"We are trying to change what's at the very top of this structure, the president…but I'm like, ‘But no one's actually practicing democracy….Yo, do you sit down together and talk about how you're spending the resources of your home and your community? Do you talk about how you're agreeing to keep each other safe? Do you talk about how you're agreeing to share time and who has decision-making power and do you make those decisions together?’ ....So even the people running for office are often people who've never actually practiced democracy in that way, and they're not practicing it intimately."
—adrienne maree brown, in a podcast interview
I was seventeen when I learned what democracy was. I was with seventy-five young people at the Youth Empowerment and Spirituality UU conference on Star Island as we chose our leader for next year’s conference. It had only been a week, but I loved these people—and I was so damn impressed. The candidates had given short speeches about their hopes and commitments, and left the room. We were left to decide. Each person who spoke did so constructively and kindly. People spoke about their leadership skills and how they felt in their presence. One friend of a candidate shared a concern about how one of the potential leaders managed their many competing priorities. Then we voted anonymously.
In the seven years since I bridged, I don’t think I’ve been part of an election process run by adults that was so loving.

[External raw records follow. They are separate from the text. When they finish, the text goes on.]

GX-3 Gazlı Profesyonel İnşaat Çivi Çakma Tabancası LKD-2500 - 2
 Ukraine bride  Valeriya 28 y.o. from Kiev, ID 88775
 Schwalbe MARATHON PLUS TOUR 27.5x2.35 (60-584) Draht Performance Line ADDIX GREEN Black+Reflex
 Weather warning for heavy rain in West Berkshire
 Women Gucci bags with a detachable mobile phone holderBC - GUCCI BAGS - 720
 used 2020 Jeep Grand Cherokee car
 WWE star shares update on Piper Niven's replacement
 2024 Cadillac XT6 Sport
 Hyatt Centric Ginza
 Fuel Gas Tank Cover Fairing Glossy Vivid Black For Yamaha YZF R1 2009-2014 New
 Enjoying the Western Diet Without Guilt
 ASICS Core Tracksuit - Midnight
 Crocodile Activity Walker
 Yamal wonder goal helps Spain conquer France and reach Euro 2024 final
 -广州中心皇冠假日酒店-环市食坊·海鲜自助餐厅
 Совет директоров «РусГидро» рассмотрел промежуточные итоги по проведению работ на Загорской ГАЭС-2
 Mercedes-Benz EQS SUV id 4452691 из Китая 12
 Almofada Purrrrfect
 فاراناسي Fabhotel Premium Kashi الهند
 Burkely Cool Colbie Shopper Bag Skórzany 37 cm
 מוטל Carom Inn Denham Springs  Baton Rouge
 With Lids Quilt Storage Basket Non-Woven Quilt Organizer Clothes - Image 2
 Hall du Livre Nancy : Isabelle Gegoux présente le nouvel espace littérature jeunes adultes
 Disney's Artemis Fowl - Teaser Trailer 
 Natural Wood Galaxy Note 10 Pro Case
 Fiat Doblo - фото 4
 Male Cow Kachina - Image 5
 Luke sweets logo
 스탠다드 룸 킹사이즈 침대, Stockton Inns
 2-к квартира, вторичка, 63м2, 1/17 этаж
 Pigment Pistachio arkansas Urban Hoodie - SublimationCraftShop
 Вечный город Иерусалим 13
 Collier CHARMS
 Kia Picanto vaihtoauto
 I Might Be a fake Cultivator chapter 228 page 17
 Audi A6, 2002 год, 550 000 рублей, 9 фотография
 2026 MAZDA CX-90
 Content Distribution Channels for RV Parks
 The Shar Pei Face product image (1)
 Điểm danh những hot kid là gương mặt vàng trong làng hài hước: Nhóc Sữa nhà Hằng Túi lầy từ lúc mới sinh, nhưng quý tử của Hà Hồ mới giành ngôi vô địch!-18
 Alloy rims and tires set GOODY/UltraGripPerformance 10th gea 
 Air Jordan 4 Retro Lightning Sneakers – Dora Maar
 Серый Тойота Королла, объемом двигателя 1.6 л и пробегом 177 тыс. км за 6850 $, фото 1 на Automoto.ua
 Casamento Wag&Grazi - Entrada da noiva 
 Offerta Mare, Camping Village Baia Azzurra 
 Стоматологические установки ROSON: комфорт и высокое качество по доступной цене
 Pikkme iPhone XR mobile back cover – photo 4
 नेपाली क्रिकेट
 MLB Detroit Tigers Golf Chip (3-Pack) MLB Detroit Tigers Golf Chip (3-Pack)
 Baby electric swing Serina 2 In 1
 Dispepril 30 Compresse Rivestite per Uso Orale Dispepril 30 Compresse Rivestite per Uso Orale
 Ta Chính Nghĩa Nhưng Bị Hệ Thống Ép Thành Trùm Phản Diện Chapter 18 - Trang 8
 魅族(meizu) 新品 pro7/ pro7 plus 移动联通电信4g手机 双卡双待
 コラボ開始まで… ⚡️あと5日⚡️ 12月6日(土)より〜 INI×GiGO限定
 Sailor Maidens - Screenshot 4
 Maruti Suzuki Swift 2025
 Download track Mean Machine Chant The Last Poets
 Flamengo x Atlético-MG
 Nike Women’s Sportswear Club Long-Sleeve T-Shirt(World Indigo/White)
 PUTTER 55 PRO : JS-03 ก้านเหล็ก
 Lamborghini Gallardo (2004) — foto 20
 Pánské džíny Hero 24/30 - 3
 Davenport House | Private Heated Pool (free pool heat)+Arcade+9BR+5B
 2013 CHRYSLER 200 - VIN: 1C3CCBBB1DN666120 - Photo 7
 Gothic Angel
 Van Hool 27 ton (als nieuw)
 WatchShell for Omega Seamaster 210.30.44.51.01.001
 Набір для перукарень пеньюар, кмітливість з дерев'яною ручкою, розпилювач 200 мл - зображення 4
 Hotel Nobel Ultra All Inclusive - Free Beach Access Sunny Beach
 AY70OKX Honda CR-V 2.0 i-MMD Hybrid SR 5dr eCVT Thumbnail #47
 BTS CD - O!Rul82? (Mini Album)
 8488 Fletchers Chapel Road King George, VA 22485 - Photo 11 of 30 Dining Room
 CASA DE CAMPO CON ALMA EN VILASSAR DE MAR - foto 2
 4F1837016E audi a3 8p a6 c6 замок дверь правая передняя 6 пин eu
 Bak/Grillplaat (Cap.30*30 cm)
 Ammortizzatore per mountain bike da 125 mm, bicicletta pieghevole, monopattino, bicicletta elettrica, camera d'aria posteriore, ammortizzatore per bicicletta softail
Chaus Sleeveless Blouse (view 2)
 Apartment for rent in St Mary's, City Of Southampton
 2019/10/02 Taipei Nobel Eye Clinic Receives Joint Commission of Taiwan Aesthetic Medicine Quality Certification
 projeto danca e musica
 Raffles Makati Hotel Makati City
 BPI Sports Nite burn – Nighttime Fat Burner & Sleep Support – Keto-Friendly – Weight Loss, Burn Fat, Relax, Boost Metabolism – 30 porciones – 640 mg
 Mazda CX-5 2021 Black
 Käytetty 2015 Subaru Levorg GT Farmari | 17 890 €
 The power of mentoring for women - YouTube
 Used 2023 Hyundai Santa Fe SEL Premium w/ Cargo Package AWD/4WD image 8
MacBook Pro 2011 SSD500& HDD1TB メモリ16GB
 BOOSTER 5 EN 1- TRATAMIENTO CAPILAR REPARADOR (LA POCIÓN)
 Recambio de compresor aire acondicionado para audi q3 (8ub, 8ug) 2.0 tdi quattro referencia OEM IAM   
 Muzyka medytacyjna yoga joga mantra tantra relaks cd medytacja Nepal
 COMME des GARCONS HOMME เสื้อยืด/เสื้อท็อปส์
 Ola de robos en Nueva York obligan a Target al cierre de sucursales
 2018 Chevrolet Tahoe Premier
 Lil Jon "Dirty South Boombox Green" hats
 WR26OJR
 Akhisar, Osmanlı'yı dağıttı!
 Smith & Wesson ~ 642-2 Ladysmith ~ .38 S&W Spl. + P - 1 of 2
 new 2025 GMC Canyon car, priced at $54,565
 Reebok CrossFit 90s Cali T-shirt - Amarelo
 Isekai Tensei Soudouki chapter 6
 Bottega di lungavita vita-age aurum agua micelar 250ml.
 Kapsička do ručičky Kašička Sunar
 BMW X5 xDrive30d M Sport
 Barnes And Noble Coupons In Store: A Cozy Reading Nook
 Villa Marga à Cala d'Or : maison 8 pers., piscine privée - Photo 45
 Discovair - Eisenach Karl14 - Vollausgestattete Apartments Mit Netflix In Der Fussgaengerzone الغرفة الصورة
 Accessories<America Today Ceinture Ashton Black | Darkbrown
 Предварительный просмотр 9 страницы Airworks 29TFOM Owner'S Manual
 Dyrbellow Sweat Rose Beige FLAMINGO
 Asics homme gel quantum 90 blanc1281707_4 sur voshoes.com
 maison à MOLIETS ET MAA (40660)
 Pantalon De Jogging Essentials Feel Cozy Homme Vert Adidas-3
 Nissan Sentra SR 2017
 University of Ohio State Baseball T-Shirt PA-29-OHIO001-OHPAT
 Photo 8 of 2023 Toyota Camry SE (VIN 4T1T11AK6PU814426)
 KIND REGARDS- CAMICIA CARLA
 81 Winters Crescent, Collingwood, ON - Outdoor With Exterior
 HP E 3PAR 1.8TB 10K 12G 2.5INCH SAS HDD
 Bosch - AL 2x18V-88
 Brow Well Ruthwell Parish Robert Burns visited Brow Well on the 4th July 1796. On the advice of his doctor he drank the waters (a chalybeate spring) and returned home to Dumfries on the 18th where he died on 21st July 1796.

When I reflect on what made the YES elections work—despite disappointment by those who weren’t chosen—I think it’s because of the time we spent building relationships. Our nightly worship services were about connecting with each other, and feeling part of a whole, more than about our individual faith journeys. We’d taken time to hang out casually; to build connection. In that election, we were able to think beyond who we liked best and think about what the group needed most.
When I think about how “democracy” takes shape in a country of 330 million people, it seems almost inconceivable that we’re talking about the same process as my 75-person youth conference used. But it gives me hope, too, that it’s possible to learn about self-governance in the decisions we make in our families, schools, congregations, and conferences.
Having relationships where we can speak truth to one another and disagree requires that we invest in each other. It means we must care about something bigger than ourselves… and these are skills we get to practice every month of the year, not just in November.
Each and every time we make a decision with another person—or a group of people—we can practice democracy. Are we listening deeply to another? Does everyone who wants to get to speak? Am I clear whether I’m speaking up for my own wants or needs, or the good of the group? Are we following our own values? And perhaps most importantly, have we worked to build our relationships and truly know each other so we can respect each other when we disagree?
Spirit of Life, may we be active participants in the liberatory potential of democracy. May we practice it in our relationships and social groups, in our congregations and schools and local governments and in this upcoming General Assembly.